(RECORDS SHOWN Opens)

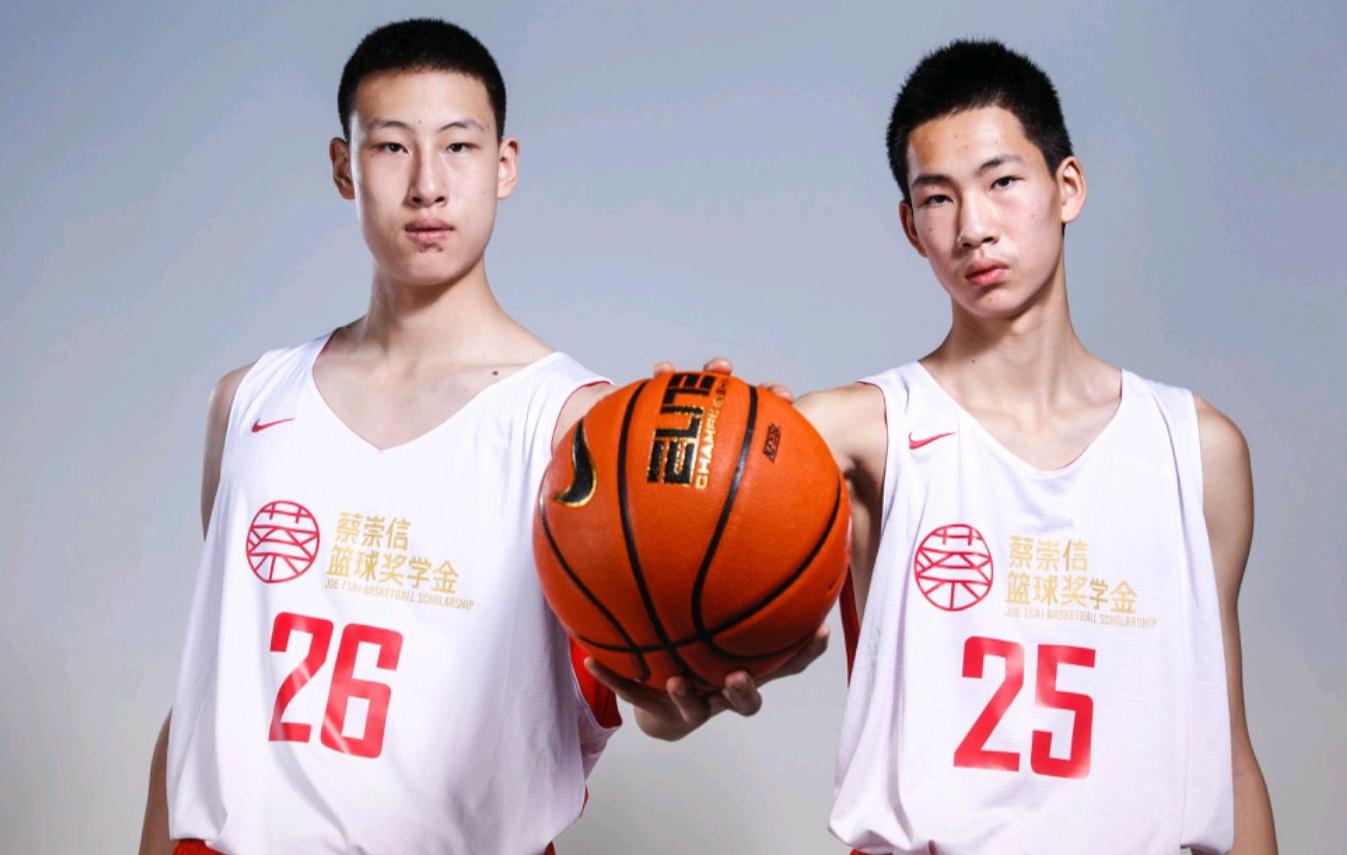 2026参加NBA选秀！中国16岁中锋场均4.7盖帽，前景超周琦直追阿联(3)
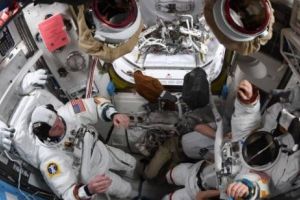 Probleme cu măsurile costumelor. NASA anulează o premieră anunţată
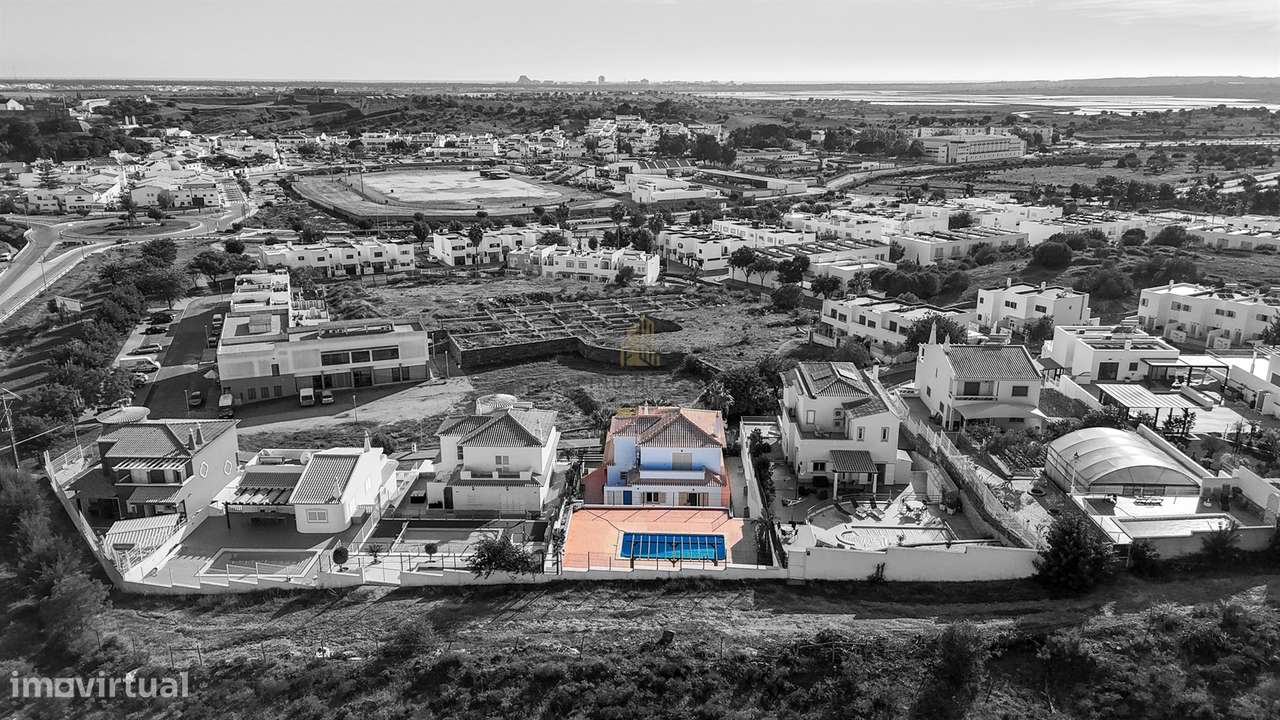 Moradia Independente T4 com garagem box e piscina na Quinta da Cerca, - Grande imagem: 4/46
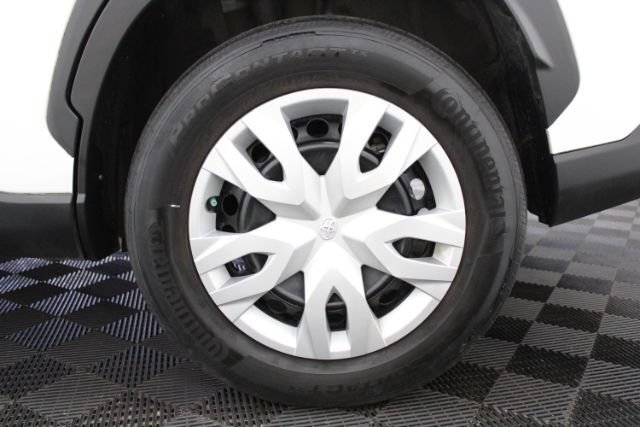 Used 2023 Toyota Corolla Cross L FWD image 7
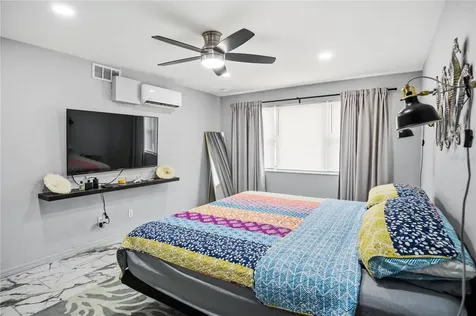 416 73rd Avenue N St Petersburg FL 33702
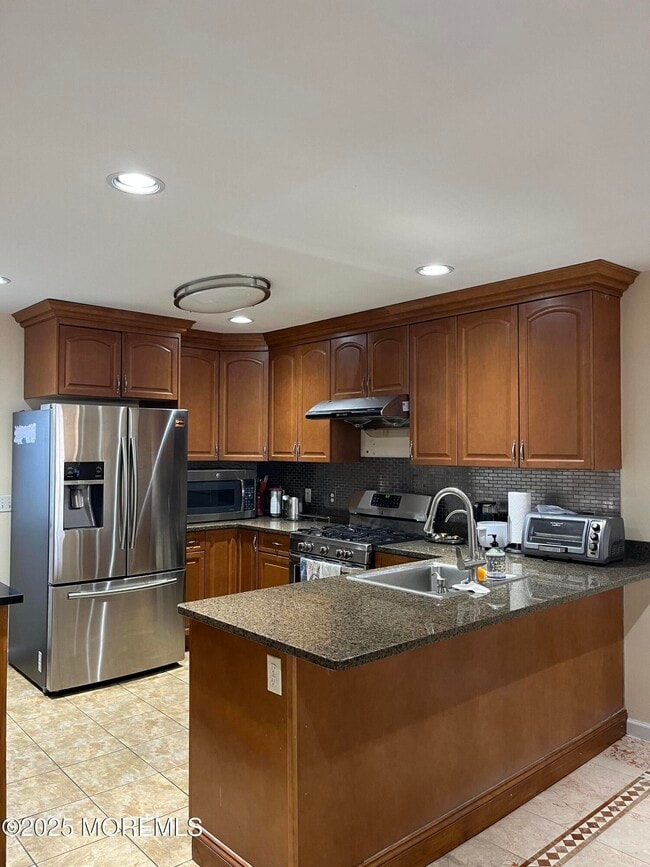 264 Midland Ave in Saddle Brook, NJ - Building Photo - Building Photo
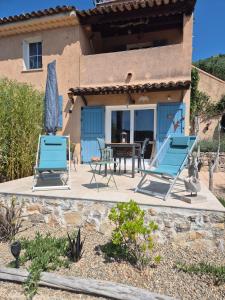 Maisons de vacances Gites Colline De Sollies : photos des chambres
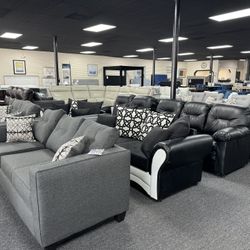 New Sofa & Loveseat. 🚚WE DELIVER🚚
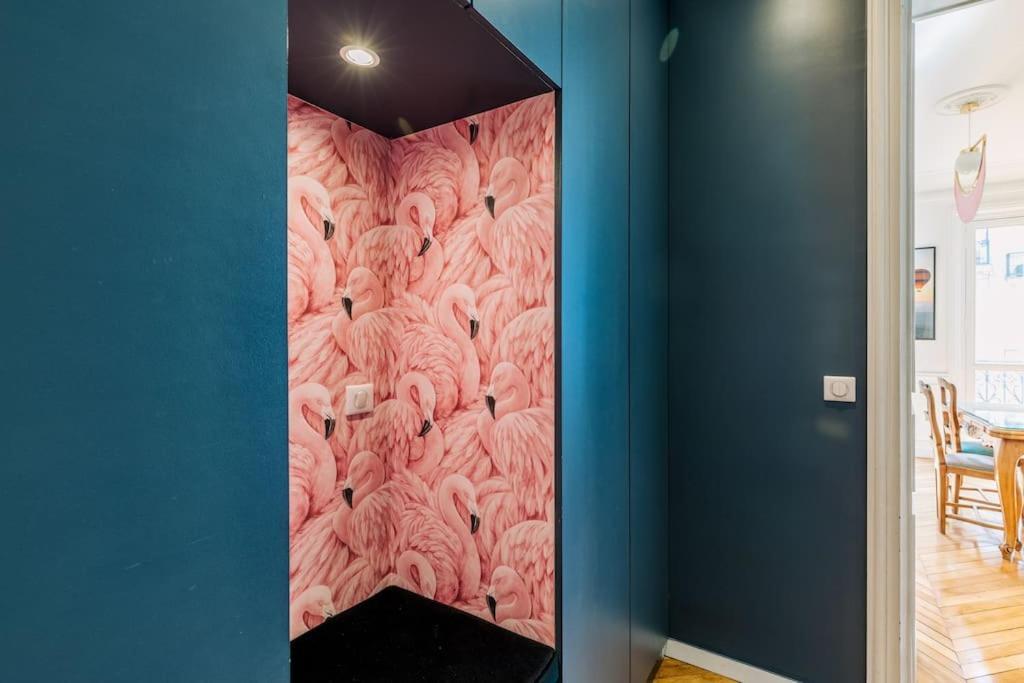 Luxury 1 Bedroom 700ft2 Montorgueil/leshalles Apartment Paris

(RECORDS SHOWN Closes)
(RECORDS SHOWN Opens)

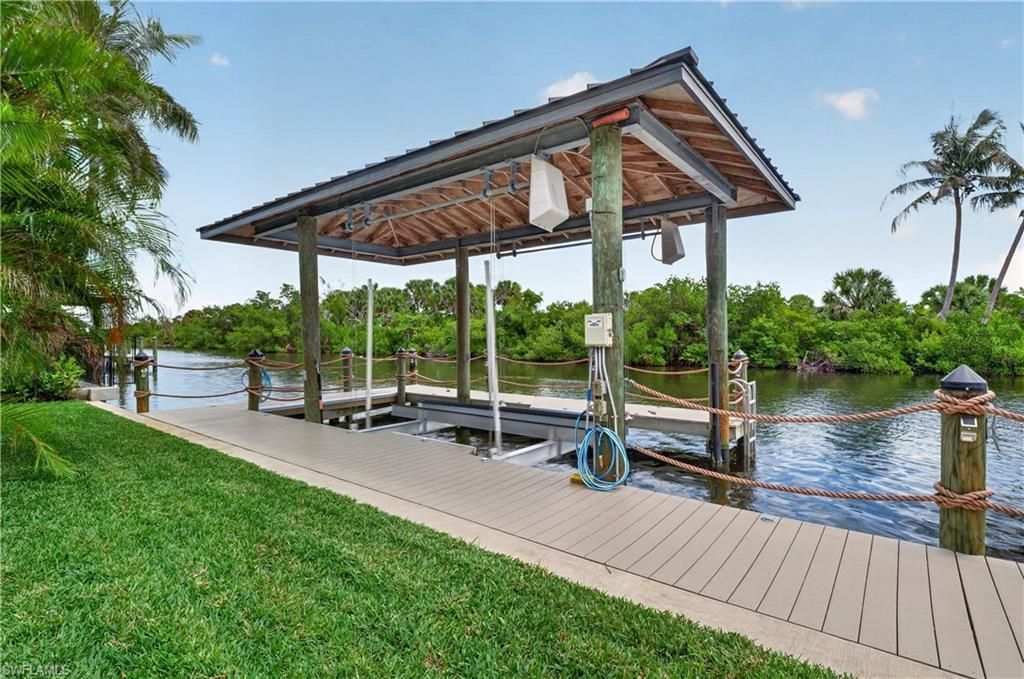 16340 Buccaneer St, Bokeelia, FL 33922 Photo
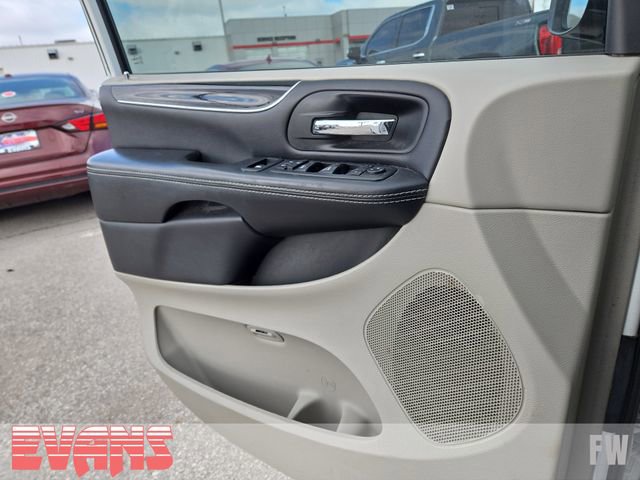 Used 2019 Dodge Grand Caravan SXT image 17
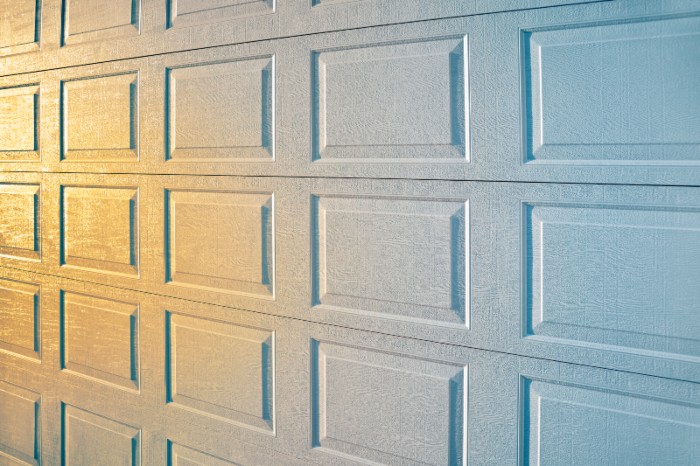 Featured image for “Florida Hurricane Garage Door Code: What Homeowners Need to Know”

(RECORDS SHOWN Closes)

| WORK INSTRUCTIONS |
Copy word for word only the lines above from the one with "16340 Buccaneer St, Bokeelia, FL 33922 Photo" through the one with "Featured image for". Leave pictures out.

| THE ANSWER |
 16340 Buccaneer St, Bokeelia, FL 33922 Photo
 Used 2019 Dodge Grand Caravan SXT image 17
 Featured image for “Florida Hurricane Garage Door Code: What Homeowners Need to Know”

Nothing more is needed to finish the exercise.